WORK ORDER – Within the entries below, please return exactly the lines from the one with "Hello, we are" through the one with "Now we go back", leaving out any pictures.

[Stored data]
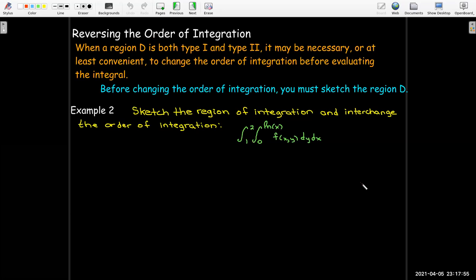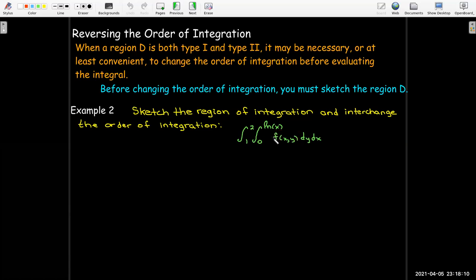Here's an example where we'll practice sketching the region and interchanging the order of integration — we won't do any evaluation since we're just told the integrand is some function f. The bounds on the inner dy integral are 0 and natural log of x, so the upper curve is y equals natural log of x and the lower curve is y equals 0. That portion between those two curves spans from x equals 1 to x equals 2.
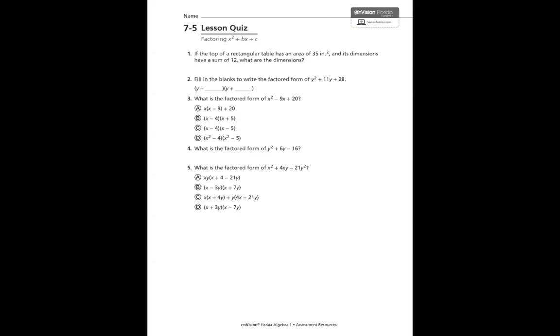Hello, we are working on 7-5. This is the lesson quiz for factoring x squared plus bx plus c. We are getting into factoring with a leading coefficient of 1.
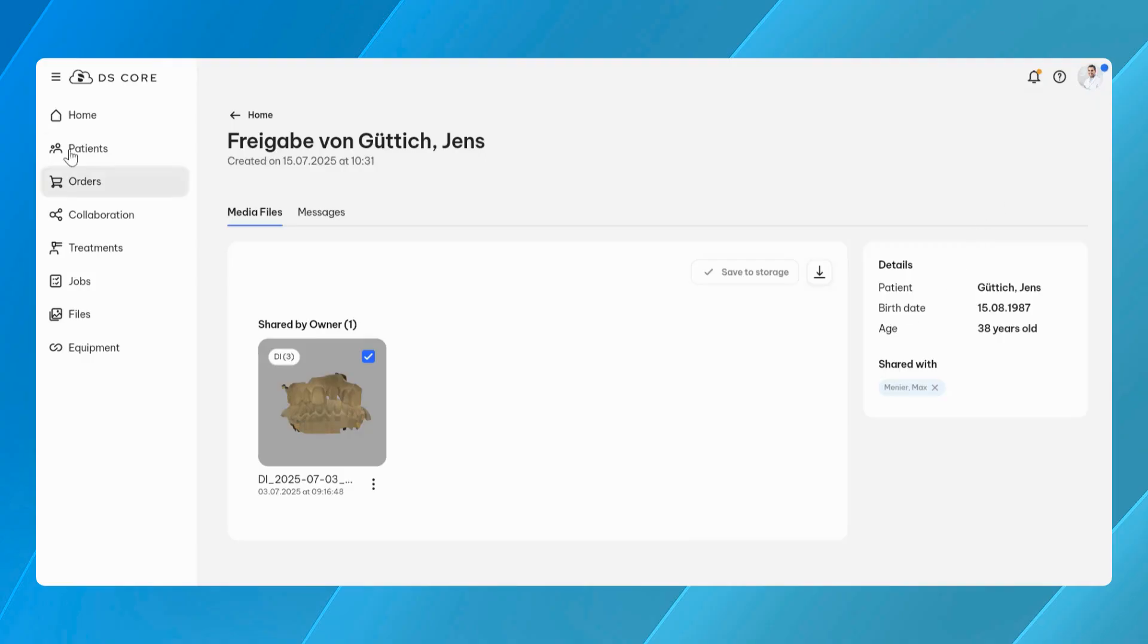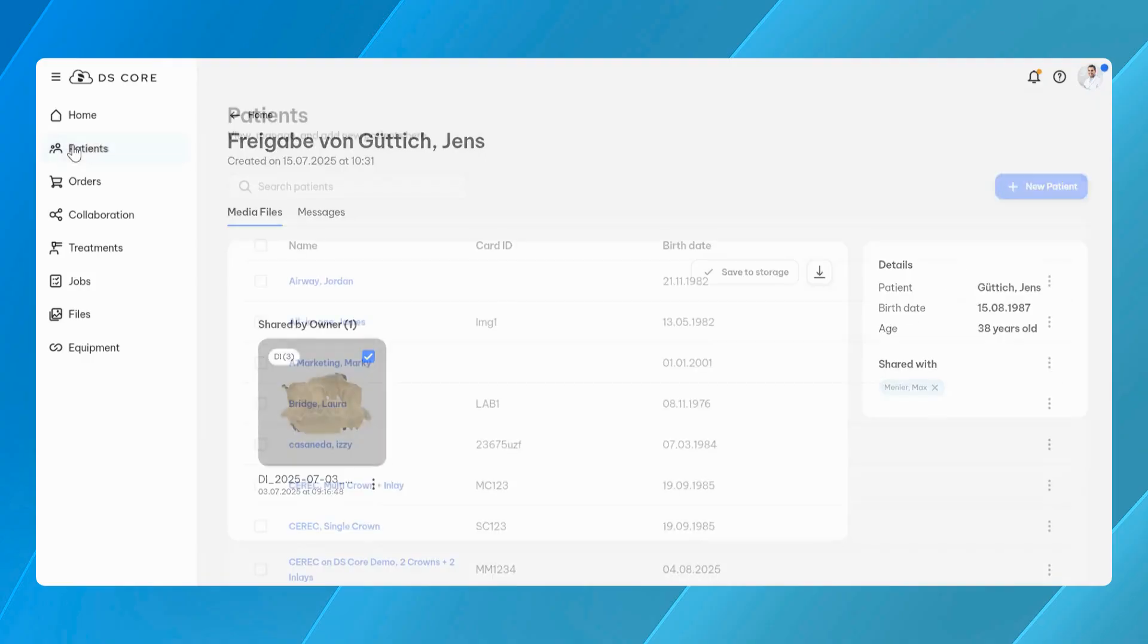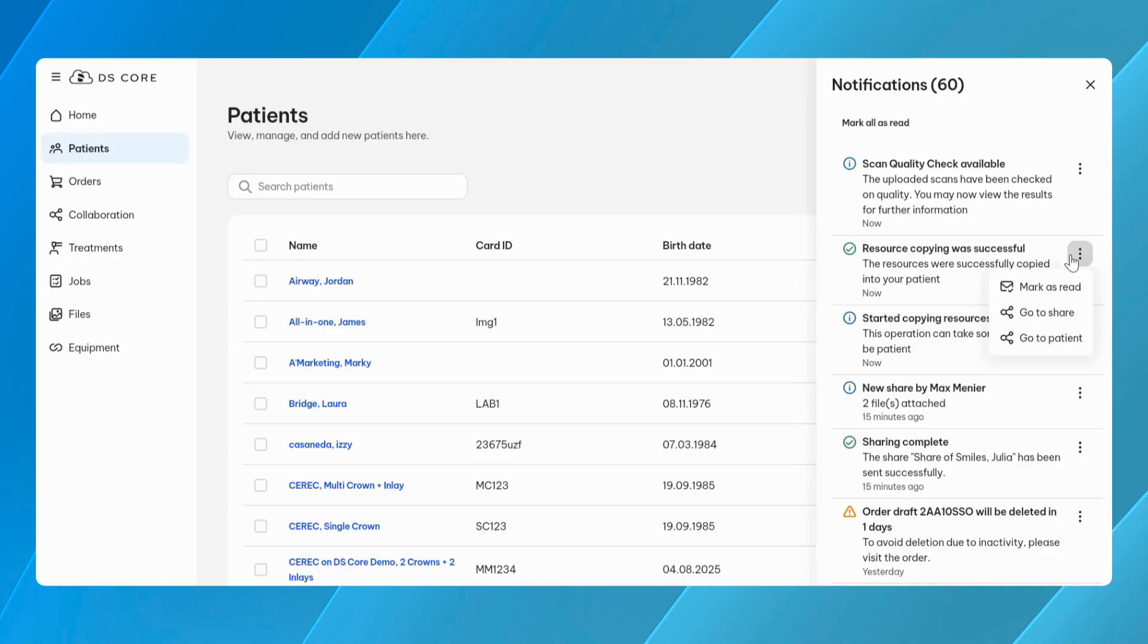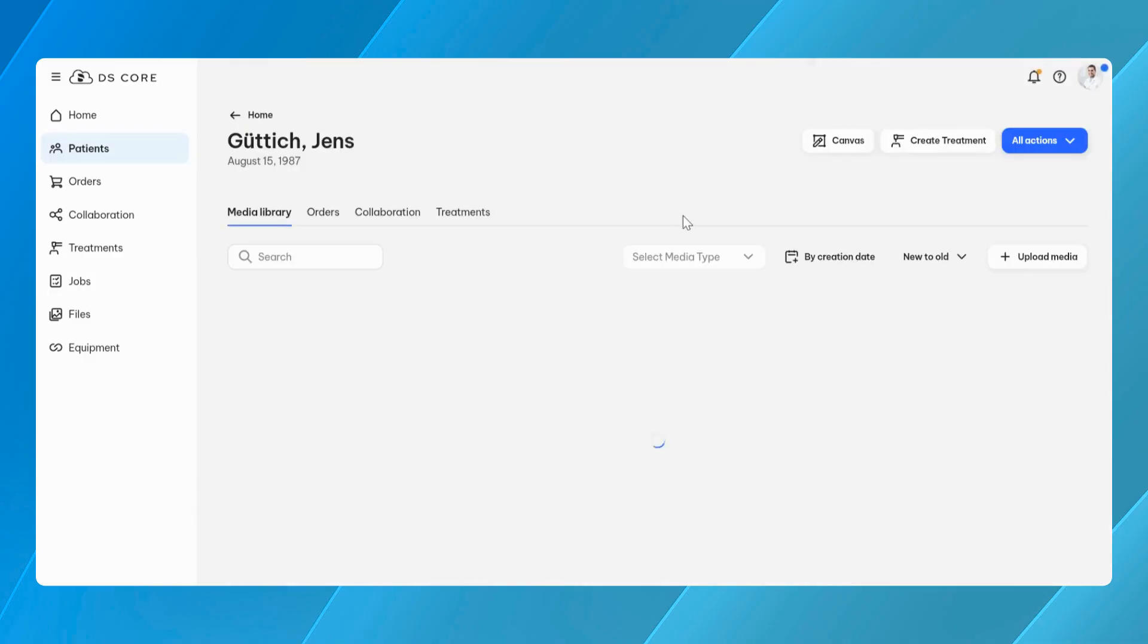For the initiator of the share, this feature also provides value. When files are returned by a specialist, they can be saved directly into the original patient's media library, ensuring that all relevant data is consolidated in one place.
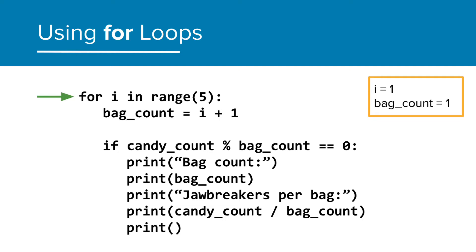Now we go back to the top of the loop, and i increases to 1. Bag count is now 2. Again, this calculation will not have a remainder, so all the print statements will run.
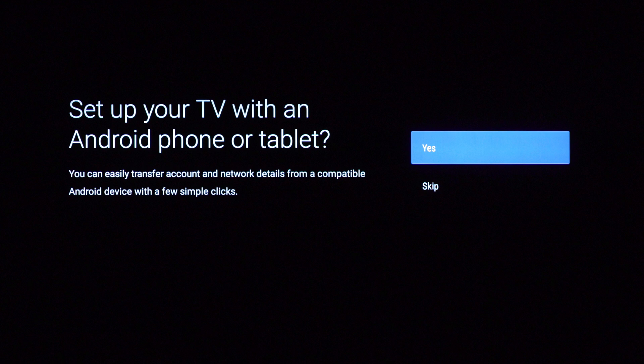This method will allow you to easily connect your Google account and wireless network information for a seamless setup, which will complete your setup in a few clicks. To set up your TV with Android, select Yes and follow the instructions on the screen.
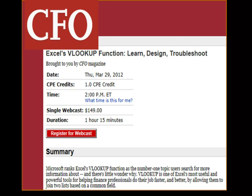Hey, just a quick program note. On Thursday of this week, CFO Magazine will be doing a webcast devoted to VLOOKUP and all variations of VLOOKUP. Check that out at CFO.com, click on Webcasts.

WRITTEN REPLY –
Hello, we are working on 7-5. This is the lesson quiz for factoring x squared plus bx plus c. We are getting into factoring with a leading coefficient of 1.
For the initiator of the share, this feature also provides value. When files are returned by a specialist, they can be saved directly into the original patient's media library, ensuring that all relevant data is consolidated in one place.
Now we go back to the top of the loop, and i increases to 1. Bag count is now 2. Again, this calculation will not have a remainder, so all the print statements will run.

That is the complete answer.